Eine Rückforderung der von der DG aufgewendeten Lehrgangskosten kommt als Gegenstand einer wirksamen Vereinbarung nicht in Betracht, wenn das Dienstverhältnis den Charakter eines Lehrverhältnisses zum Lehrberuf der zahnärztlichen Fachassistenz hatte, im Rahmen dessen die DN die gesetzlich vorgesehene Standardausbildung absolvierte und zum kollektivvertraglichen Mindestgehalt entlohnt wurde.

SACHVERHALT

Die im Jahr 1998 geborene Kl und die Bekl schlossen am 18.8.2015 einen schriftlichen Dienstvertrag in Form eines Ausbildungsvertrags zum Zwecke der Ausbildung der Kl zur Ordinationsgehilfin, der auch von der Mutter der Kl als gesetzliche Vertreterin unterschrieben wurde. Der Vertrag unterlag dem KollV für „Angestellte bei Zahnärzten“. Am 18.11.2015 trafen die Streitteile eine schriftliche Rückzahlungsvereinbarung, die von der Kl und ihrer Mutter unterfertigt wurde.
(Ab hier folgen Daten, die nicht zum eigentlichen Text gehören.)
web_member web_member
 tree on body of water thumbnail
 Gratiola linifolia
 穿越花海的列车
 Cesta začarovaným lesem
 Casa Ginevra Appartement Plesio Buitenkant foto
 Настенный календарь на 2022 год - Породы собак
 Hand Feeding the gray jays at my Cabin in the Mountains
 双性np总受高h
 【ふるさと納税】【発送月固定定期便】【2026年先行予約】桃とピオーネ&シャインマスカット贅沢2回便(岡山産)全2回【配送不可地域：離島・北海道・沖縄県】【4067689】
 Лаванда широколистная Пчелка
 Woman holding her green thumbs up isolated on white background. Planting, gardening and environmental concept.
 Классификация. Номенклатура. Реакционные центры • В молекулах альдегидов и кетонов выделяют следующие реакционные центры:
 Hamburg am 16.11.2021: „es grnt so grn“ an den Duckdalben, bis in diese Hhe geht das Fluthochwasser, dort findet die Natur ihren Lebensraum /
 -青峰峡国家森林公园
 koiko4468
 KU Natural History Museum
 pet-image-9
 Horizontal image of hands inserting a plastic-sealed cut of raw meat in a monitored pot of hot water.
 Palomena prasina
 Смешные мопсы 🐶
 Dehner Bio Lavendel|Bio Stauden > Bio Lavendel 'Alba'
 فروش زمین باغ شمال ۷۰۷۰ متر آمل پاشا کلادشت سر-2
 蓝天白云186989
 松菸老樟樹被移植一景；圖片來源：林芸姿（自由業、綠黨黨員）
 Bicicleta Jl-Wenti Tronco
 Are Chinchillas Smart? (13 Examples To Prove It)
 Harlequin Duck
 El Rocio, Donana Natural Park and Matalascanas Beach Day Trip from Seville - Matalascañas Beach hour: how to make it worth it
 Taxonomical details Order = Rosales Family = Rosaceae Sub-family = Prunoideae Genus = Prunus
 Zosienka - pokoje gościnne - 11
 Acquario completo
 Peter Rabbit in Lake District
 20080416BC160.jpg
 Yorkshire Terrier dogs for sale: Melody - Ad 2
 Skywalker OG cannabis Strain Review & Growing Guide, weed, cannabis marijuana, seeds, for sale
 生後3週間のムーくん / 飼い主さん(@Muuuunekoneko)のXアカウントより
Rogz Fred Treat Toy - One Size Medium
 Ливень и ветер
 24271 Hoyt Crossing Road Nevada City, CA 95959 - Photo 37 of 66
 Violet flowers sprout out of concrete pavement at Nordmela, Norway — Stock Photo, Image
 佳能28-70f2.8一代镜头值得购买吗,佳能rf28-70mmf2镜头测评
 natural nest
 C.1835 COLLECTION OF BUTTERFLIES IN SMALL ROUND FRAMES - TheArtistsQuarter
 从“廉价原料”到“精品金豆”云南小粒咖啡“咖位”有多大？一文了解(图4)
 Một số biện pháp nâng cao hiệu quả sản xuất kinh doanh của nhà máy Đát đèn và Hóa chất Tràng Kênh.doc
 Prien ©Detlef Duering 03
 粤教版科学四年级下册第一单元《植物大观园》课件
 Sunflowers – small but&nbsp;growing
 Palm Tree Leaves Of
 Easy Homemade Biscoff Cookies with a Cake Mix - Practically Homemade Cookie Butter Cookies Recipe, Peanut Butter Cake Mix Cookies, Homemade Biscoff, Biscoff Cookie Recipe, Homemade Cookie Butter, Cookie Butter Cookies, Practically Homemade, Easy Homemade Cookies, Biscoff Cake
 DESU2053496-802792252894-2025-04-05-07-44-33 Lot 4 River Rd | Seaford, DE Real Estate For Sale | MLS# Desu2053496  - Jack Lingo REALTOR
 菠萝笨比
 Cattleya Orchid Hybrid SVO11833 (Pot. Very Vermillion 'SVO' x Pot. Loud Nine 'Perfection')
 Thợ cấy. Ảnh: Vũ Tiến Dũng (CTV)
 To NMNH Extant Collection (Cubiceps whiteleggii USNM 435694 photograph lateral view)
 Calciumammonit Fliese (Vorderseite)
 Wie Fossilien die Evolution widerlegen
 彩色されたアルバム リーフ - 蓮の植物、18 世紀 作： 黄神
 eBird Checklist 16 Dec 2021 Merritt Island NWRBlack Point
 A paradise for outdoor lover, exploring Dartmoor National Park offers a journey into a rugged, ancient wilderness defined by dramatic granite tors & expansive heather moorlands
Die Kl verpflichtete sich darin zur aktiven Teilnahme am Lehrgang für geprüfte zahnärztliche AssistentInnen (anerkannter Fachkurs) und erklärte sich bereit, die dadurch zusätzlich erworbenen Kenntnisse und Fähigkeiten dem Betrieb zur Verfügung zu 18stellen. Vereinbart war weiters, dass die DG die entsprechenden Kurskosten in der Erwartung übernimmt, dass das Dienstverhältnis nach erfolgreicher Beendigung des Lehrgangs für geprüfte zahnärztliche AssistentInnen zumindest drei Jahre fortgesetzt wird. Für den Fall, dass die DN vor Ablauf der Frist das Dienstverhältnis selbst kündigt, berechtigt entlassen wird oder unberechtigt vorzeitig austritt, verpflichtete sie sich dazu, die von der DG aufgewendeten Kurskosten zurückzuzahlen. Eine pflegschaftsgerichtliche Genehmigung dieser Vereinbarung wurde nicht eingeholt. Die Kl bezog ab dem Beginn des Dienstverhältnisses das dem jeweiligen Ausbildungsjahr entsprechende kollektivvertragliche Mindest-Bruttogehalt. Von September 2016 bis Juli 2018 absolvierte sie den Lehrgang für geprüfte zahnärztliche AssistentInnen der Ärztekammer. Die Kosten des Lehrgangs trug die Bekl. Mit Schreiben vom 30.8.2018 kündigte die Kl das Dienstverhältnis per 30.9.2018. Mit Schreiben vom 19.11.2018 forderte die Bekl die Kl zur Rückzahlung der Ausbildungskosten auf. Die Kl zahlte diesen Betrag am 21.11.2018 an die Bekl. Mit ihrer am 4.6.2020 eingebrachten Klage begehrte sie von den Bekl die Rückzahlung.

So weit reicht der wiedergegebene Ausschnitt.